Centenary College Model Arab League team represents Lebanon at annual conference

L to R: Tony Barbee, Ariel Muller, Rachelle Papillon Amblard, Christine Goodman, and Jordan Hall.

SHREVEPORT, LA — Centenary’s Model Arab League Team (MAL) competed in the 2023 Bilateral Model Arab League Conference in Houston on February 17-19. Centenary represented Lebanon at this year’s conference and competed against six other institutions representing eight different countries. Centenary was the only school from Louisiana at the conference.

“To participate in MAL students must learn about the country they have chosen to represent and about the Middle East in general,” said Dr. Chad Fulwider, professor of history and chair of the department of history and political science at Centenary. “Then they must plausibly role play as diplomatic delegates and devise solutions to real-world problems, and empathize with the experiences and challenges of people living in the region.”

Christine Goodman of Alexandria, Louisiana, and Rachelle Papillon Amblard, of Normandy, France, served on the Political Affairs Council while Tony Barbee, a native of Plaquemine, Louisiana, and Ariel Muller, of Beaumont, Texas, represented Centenary’s delegation on the Economic Affairs Council. Jordan Hall, of Shreveport, was the College’s delegate on the Social Affairs Council.
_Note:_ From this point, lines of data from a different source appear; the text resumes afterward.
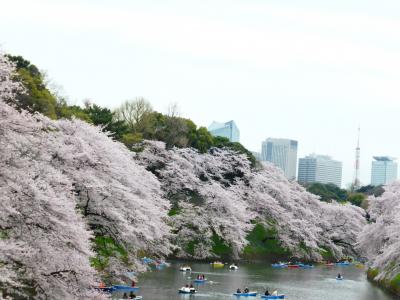 2016.4　千鳥ヶ淵の桜見物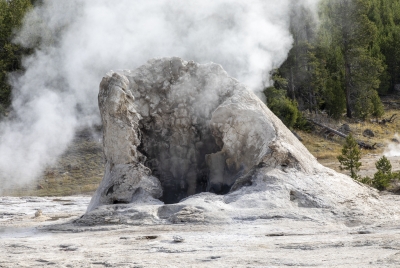 Old Faithful Geyser Area Yellowstone 2024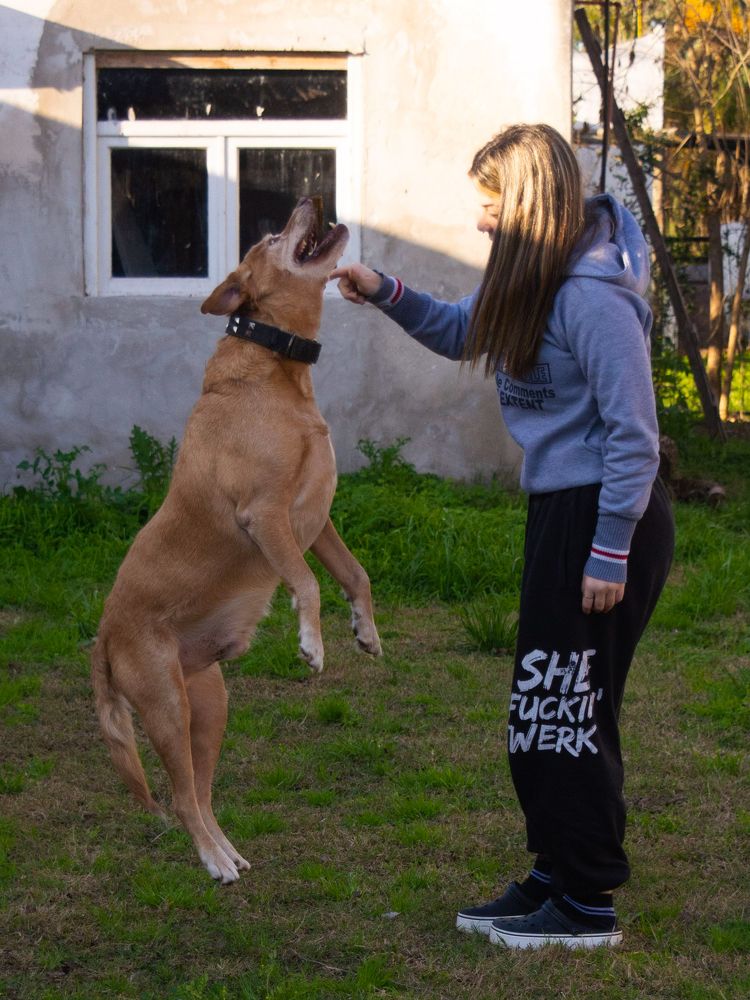 Photograph by Maria julieta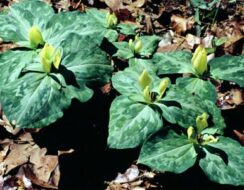 Trillium Luteum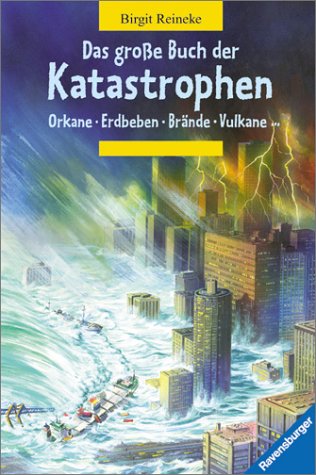 Das große Buch der Katastrophen - Reineke, Birgit und Dagmar Sananikone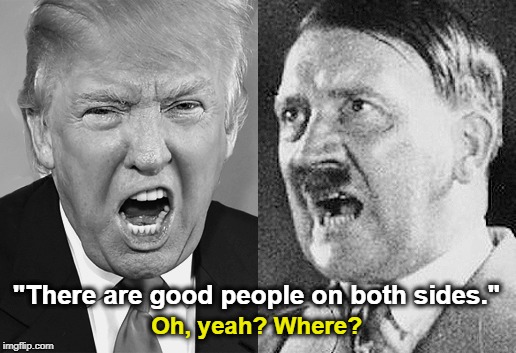 Trump turned over the rock and this is what crawled out. Trump owns it all. | "There are good people on both sides."; Oh, yeah? Where? | image tagged in trump,hitler | made w/ Imgflip meme maker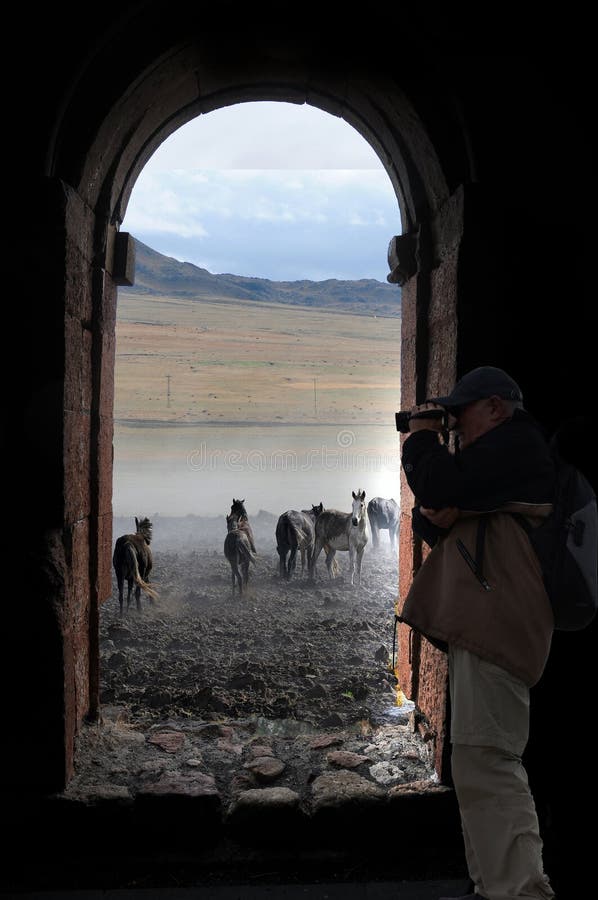 Fotógrafo bastidores en granero para viejo a tiene una duración fotografías caballos sobre el.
“This was my first and last year that I could participate in MAL,” said Goodman. “I had a great time and I wish I was able to do it before now. It is an overall excellent experience meeting academics from other colleges while also having fun. For students this is an excellent opportunity to apply concepts in order to find possible solutions to modern problems."
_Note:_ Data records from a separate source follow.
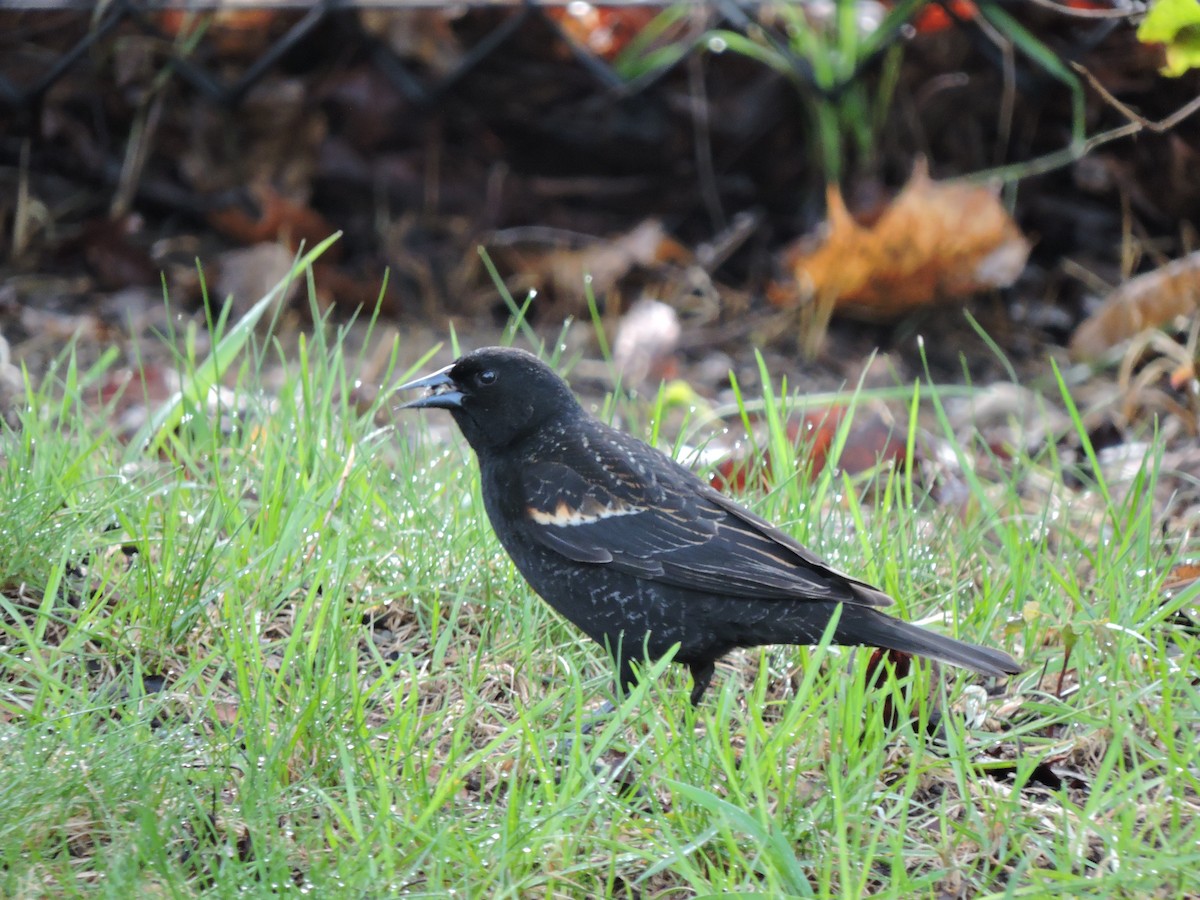 Red-winged Blackbird - ML230995141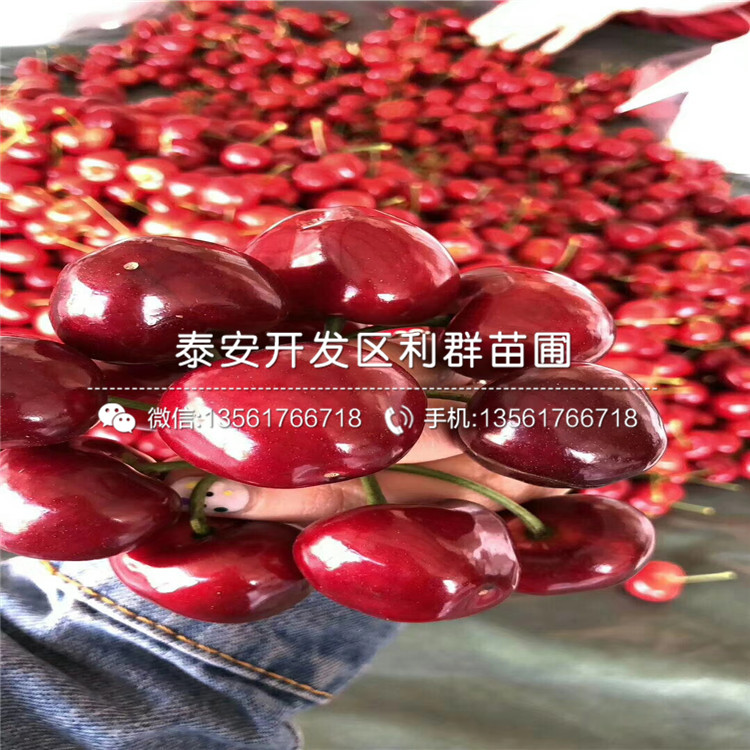 哪里有賣櫻桃樹的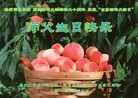Published on 5/11/2012 ֹ,ϵͳ󷨵ӹطִ󷨺鴫ʮ - ִ
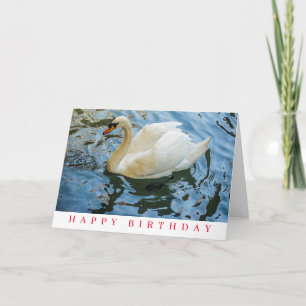 Schöne weiße Schwan-Birthday-Karte Karte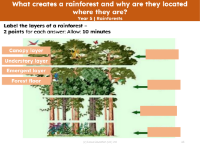 Picture match - Parts of the rainforest canopy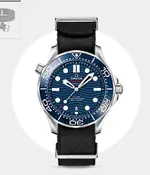 CORREA NATO OMEGA 02.webp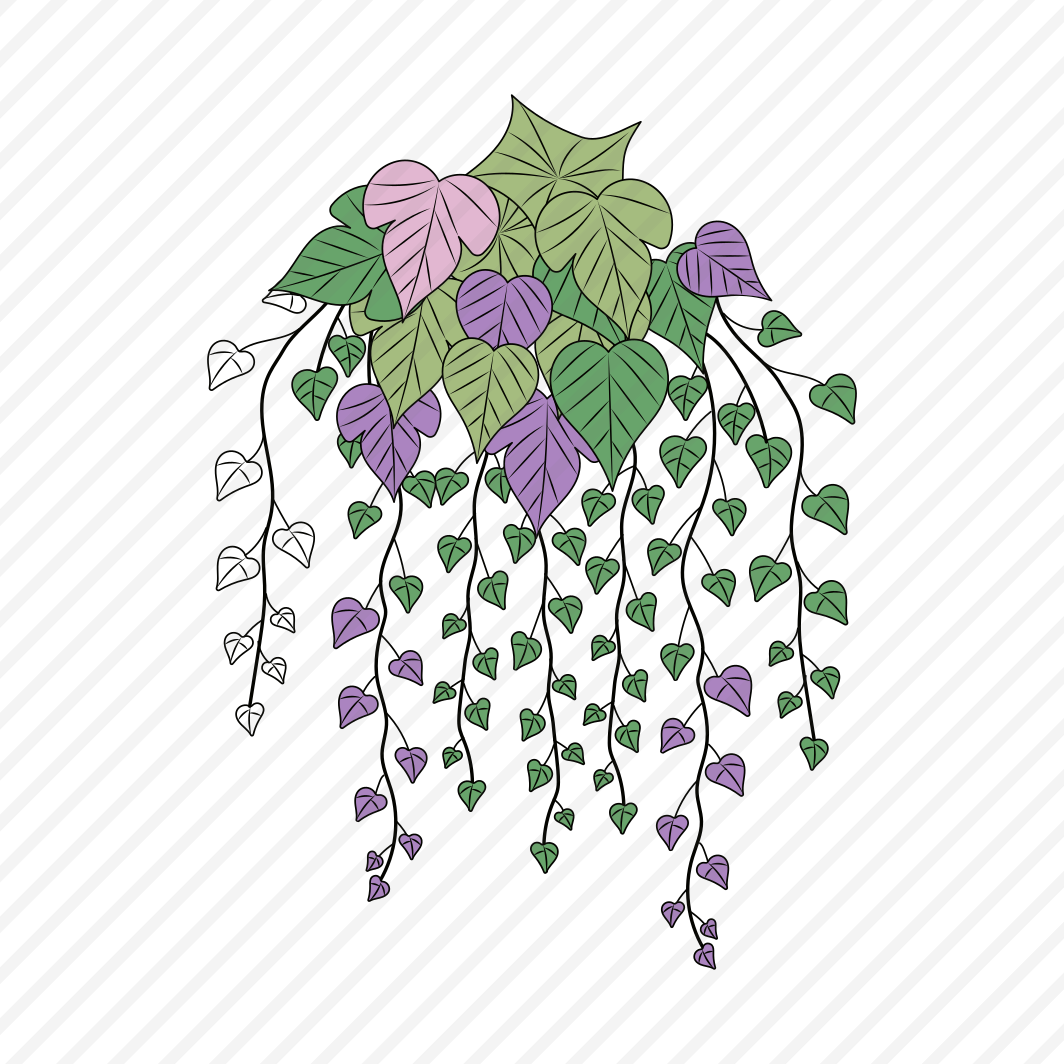 Ivy Plant, Hangings, Floret, Blooming, Nature, preview
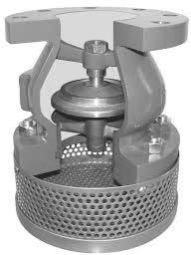 Foot Valve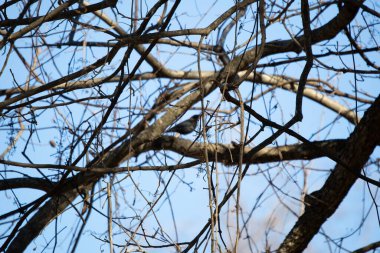 Out of focus nonbreeding male rusty blackbird (Euphagus carolinus) on a tree branch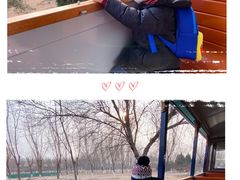 -永定河休闲森林公园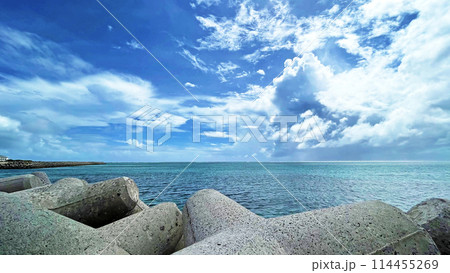 南ぬ浜町緑地公園のきれいな海 石垣島 南ぬ浜町緑地公園のきれいな海 石垣島 114455269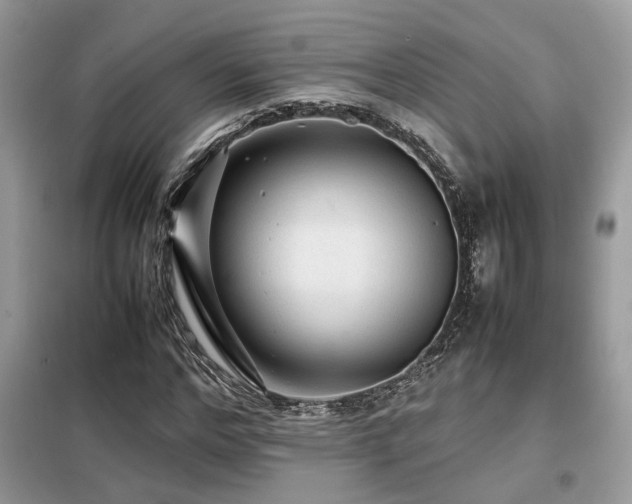 X0000099410968200805091215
The Model Arab League (MAL) was established in 1983 by the National Council on U.S.-Arab Relations as an opportunity for primarily American, but also Arab and other international students, to put themselves in the shoes of real-life Arab diplomats and foreign affairs professionals. MAL participants are judged on their ability to represent the needs, concerns, interests, and foreign policy objectives of their assigned country. In the process, they deepen their understanding of the Arab world; develop valuable analytical organizational, writing, and public speaking skills; and prepare themselves for knowledgeable and effective engagement in the public sphere in their chosen fields. More than 2,000 students participate in MAL programs annually.